Braying in a cornfield transports me back to a wonderful time that made no sense.

If only sixteen year old me could see me now, out in the corn jumping up and down and caterwauling to twangy backwoods hillbilly music. He’d be horrified!
I was raised on country music and I hated it. My parents started listening to it in earnest in the mid 1980s. An Alabama song here, an Oak Ridge Boys song there. Sprinkled in with the standard adult contemporary pop and rock music of the time, it didn’t really register with me, and I was too young to understand musical genre anyway.
Things changed, intensified, devolved in the 1990s. Country music stopped being a component of my parents’ taste and became the whole darned thing. It wasn’t merely a casual listening phenomenon, either. They took line dancing lessons. They went to concerts at the Medina Ballroom on Saturday nights, dad duded up in a cowboy hat, boots, and a bolo tie, mom in a dress that could have come mail order from an ad on Hee-Haw. Sometimes my friends witnessed this behavior. It was humiliating.
Weekends and car trips had a soundtrack that was neither of my choosing nor of my liking. I avoided those sounds as best I could the rest of the time. This was my attitude toward country music through the first twenty years of my life.
The day it changed
My attitude began to shift on a ten minute drive midway through the summer preceding my sophomore year in college. I was headed to my day job at the neighborhood convenience store in my old Blazer. Same vehicle, same route I drove every day, but to different music, courtesy of my dad, who had driven it the day before and messed with the radio because he always messed with the radio.
For whatever reason I didn’t clean up dad’s mess that morning.
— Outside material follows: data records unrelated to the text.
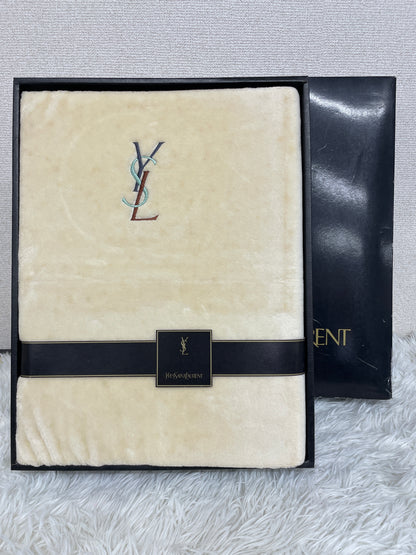 Saint Laurent White A-19914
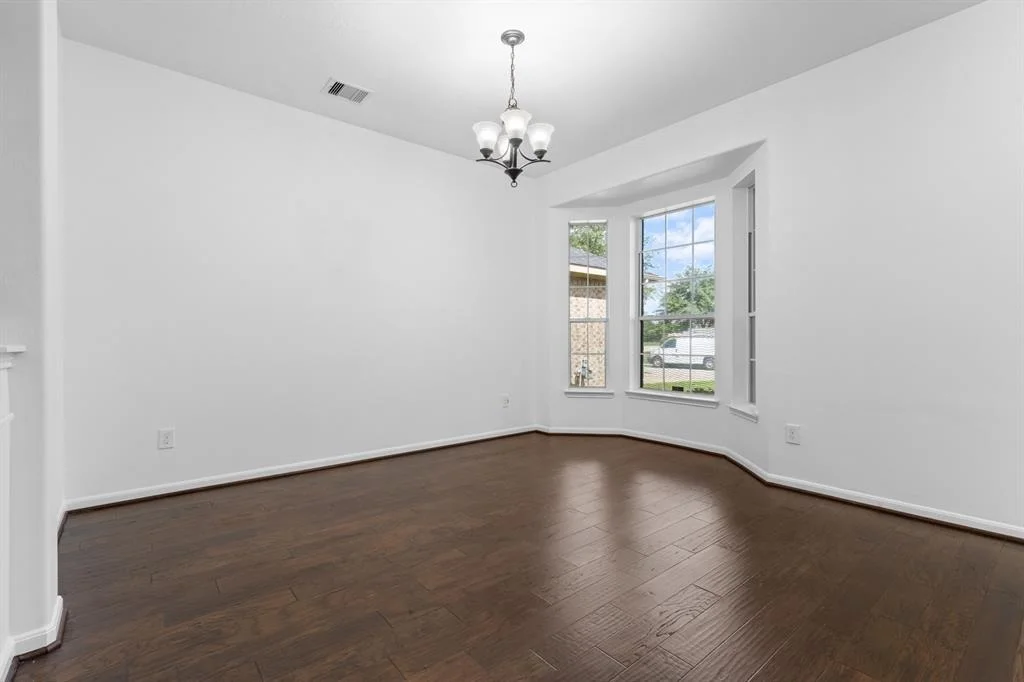 Photo of 1923 Vale Haven Drive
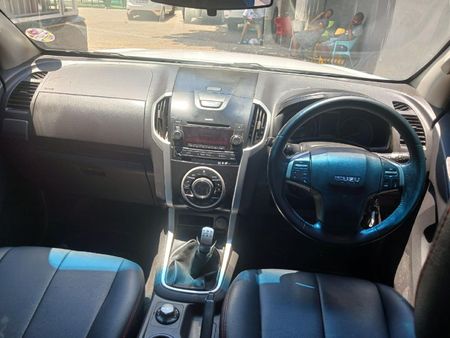 2015-Isuzu-KB-300-D-Teq-LX-4x4-Double-Cab_9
I guess I didn’t see any sense in fiddling with a radio that was destined to fiddle itself right back the next day. Détente. I let his music hitch a ride with me that morning and it ended up staying on board for thirty years.
Somewhere along that four mile route a song tapped me on the shoulder and spoke to me exactly as I needed to be spoken to at that moment in my life.
Your blue might be gray, your less might be more
Your window to the world might be your own front door
Your shiniest day might come in the middle of the night
That’s just about right
Thing was, I wasn’t only working as a clerk in a convenience store at that time. That was my day job. By night I was an accidental entrepreneur, building a software business that was yet insignificant, a long string of late nights writing Pascal code and tech support emails from my parents’ basement in exchange for an occasional $10 check. It was a lot of toil in the middle of the night for little reward.
I was feeling a little isolated, anonymous, and I needed encouragement. I got it from an unexpected place.
That damned corncob song with a fiddle in it gave me the pat on the back I needed. “That thing you’re doing in the middle of the night? The world may not see it, it may never amount to anything. But it‘s your thing right now. Keep at it. It’ll succeed or it’ll fail. Reassess as you go. Everything will work out one way or another.”
I won’t go into it here, I try to keep these journal entries under a thousand words, but that business ultimately had a microscopic effect on most anyone who purchased music in the intervening thirty years. Millions and millions of people are downstream of something I built in my parents’ basement and they don’t know it and they never will. It’s magic to think about.
That single moment of encouragement did two things: it wrapped the whole adventure around a song that lets me relive it anytime I want, and it thawed my relationship with country music, my parents’ music, and I eventually came to love it. George Strait was next song up that morning. Blue Clear Sky. Just a snappy, fun song. Pedal steel, fiddle and all–all the things I thought I hated.
I realized that morning: this music is far more uplifting and life affirming than anything I listen to. That’s why it stayed with me.
Into the corn
I decided this spring that I was going to wander off into a cornfield once every summer for the rest of my natural life to see BlackHawk play what is now my favorite song. I saw them a couple times in the past but it was never a stated goal. From here forward it is a goal.
The plan for 2025 was to fly out to see them at Hodag Country Festival in Rhinelander, but the weather didn’t cooperate. It would’ve been a great opportunity to log some soft actual instrument time, but it would’ve left me watching in the rain.

As luck would have it, they ended up playing at Country Jam in Eau Claire eight days later. I got to watch with Allie from three rows back. Best show I’ve seen so far, all things considered.
I sang poorly and danced poorly and was reminded in unmistakable terms, once again, how incredibly lucky I am to have had the experiences I’ve had in this life, and to have shared them with the people with whom I’ve had the lifelong pleasure of sharing them.
Weird how something you hated as a kid can become so intertwined in everything you love as an adult.